Der Bundesgerichtshof hat in einer aktuellen Entscheidung vom 10.04.2014 – VII ZR 241/ 13 (noch nicht veröffentlicht, Pressemitteilung Nr. 62/14) nun ausdrücklich klargestellt, dass Schwarzarbeit nicht bezahlt wird.

Der Werkunternehmer verlangte vom Besteller die Zahlung teilweise ausstehenden Werklohns für die Ausführung von Elektroinstallationen, zu denen er von dem Besteller im Jahr 2010 beauftragt worden war.

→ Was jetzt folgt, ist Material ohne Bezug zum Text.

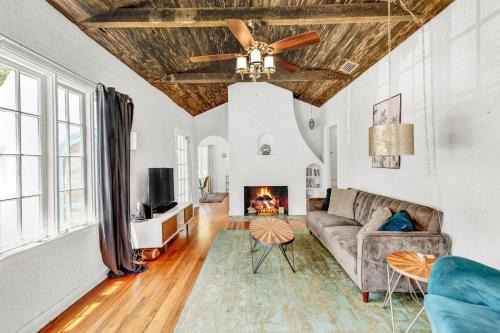 Kingston Casa | Spanish Beach Bungalow 4br 2bath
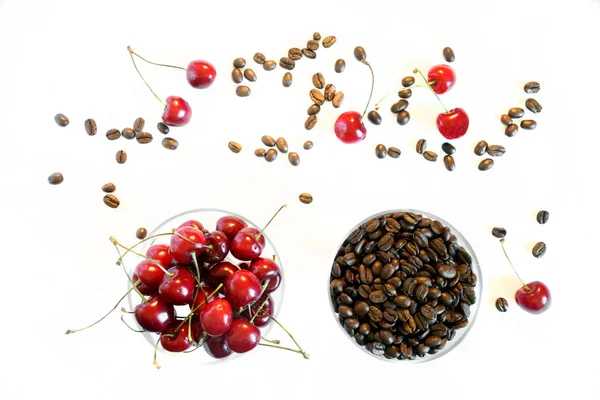 Bebida favorita sabor a fruta. Granos de café Arábica tostado siguiente —  Fotos de Stock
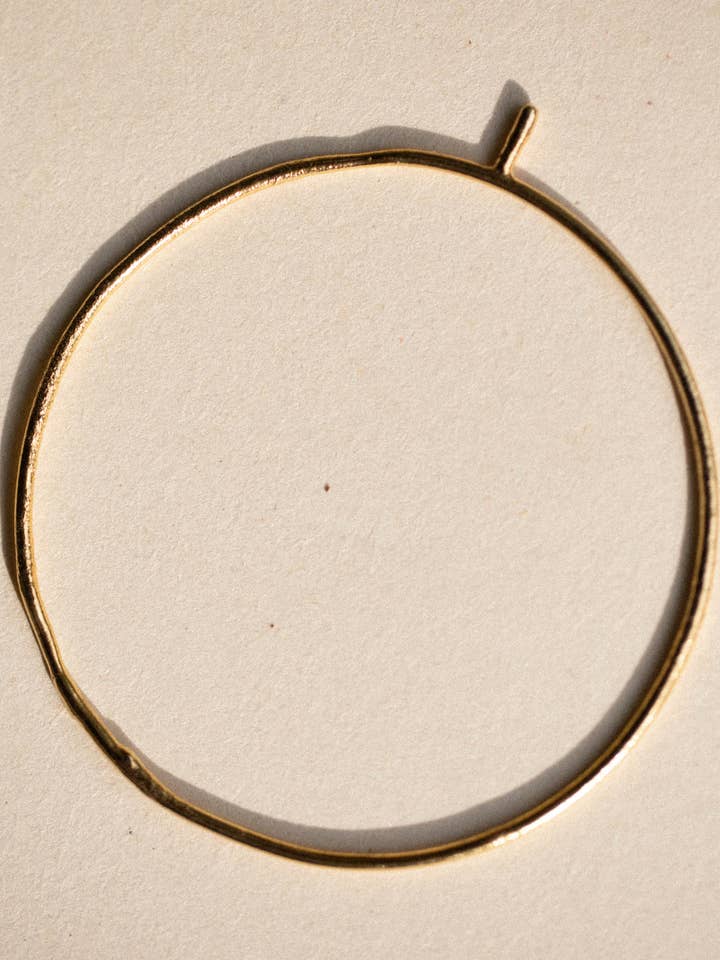 KOSMA BANGLE gold für den Großhandel von TYLA LATO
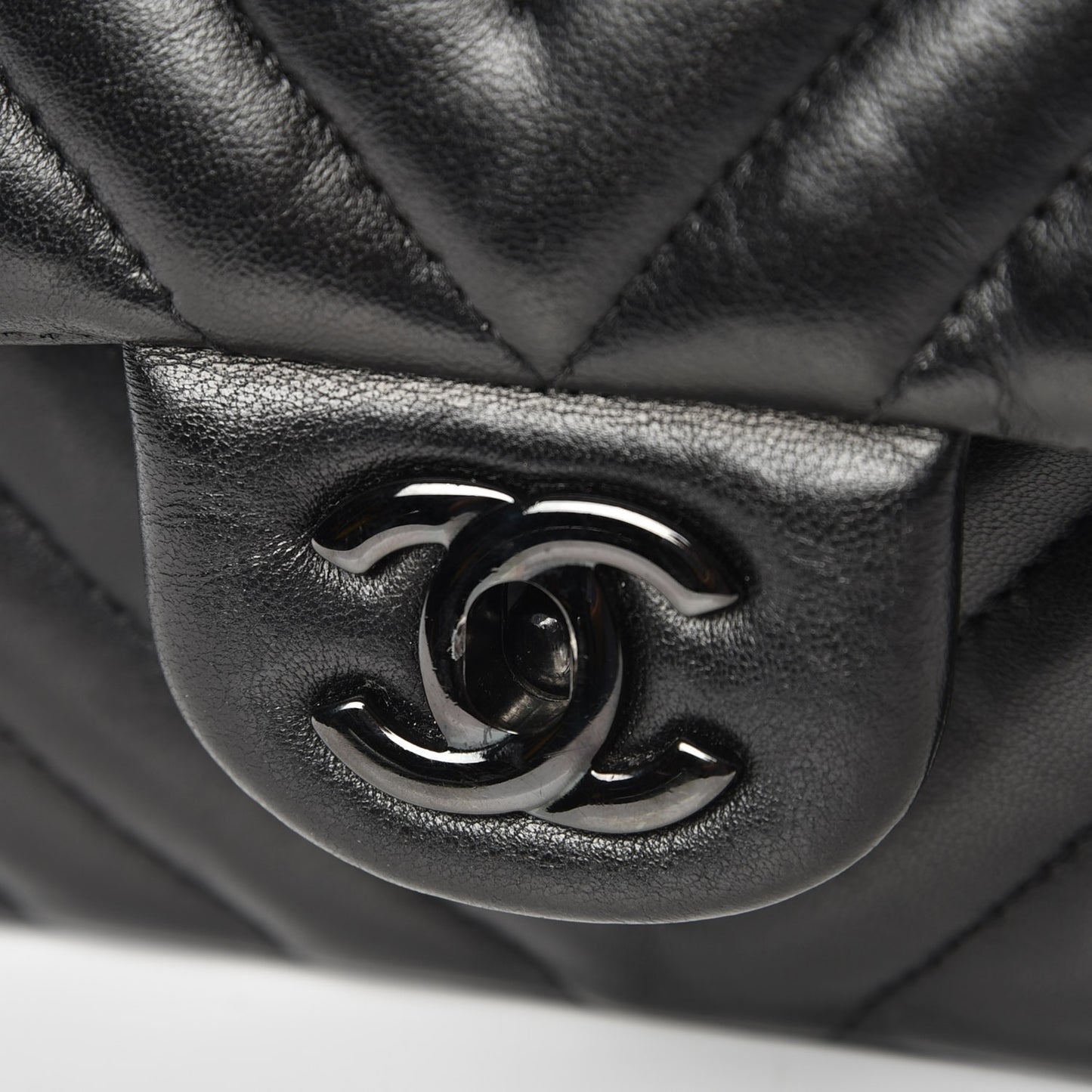 Lambskin Chevron Quilted Medium Double Flap So Black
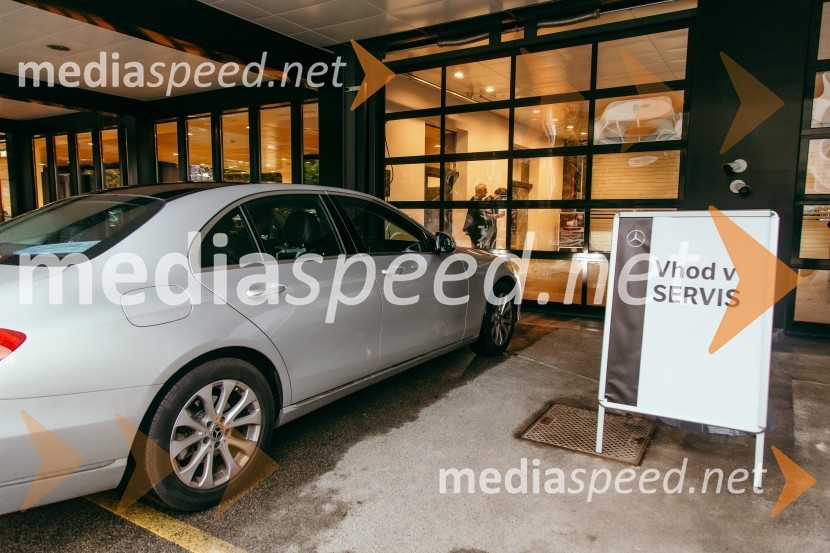 Otvoritev prenovljenega prodajnega salona Mercedes-Benz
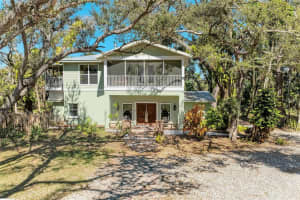 820 N Elm St, ENGLEWOOD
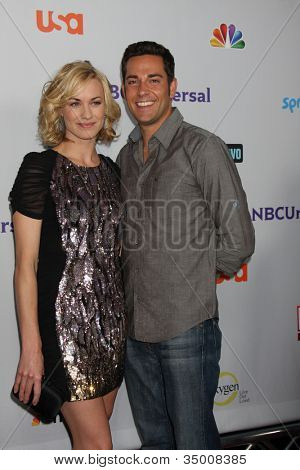 LOS ANGELES - ago 1: Yvonne Strahovski, Zachary Levi arrivando alla NBC TCA estate 2011 festa a SL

Die Vertragsparteien vereinbarten einen Werklohn in Höhe von 13.800,00 EUR einschließlich Umsatzsteuer sowie die Zahlung eines weiteren Betrages in Höhe von 5.000,00 EUR, wofür keine Rechnung gestellt werden sollte.

Der Bundesgerichtshof sah aufgrund der Ohne-Rechnung-Abrede einen Verstoß gegen das Schwarzarbeitsbekämpfungsgesetz und bestätigte die Nichtigkeit des Werkvertrages.

Er führt zudem aus, dass dem Werkunternehmer als Folge dieses Verstoßes kein Anspruch auf Werklohn zusteht. Darüber hinaus hat der Werkunternehmer, so der Senat, auch keinen Anspruch auf Ausgleich der Bereicherung, die aufgrund der Ausführung der Werkleistung bei dem Besteller eingetreten ist (sog. Wertersatzanspruch). Einem solchen Anspruch steht nach Auffassung des Bundesgerichtshofes die Regelung des § 817 Satz 2 BGB entgegen. Diese Vorschrift sieht den Ausschluss eines Wertersatzanspruches vor, wenn beide Vertragsparteien gegen die guten Sitten verstoßen.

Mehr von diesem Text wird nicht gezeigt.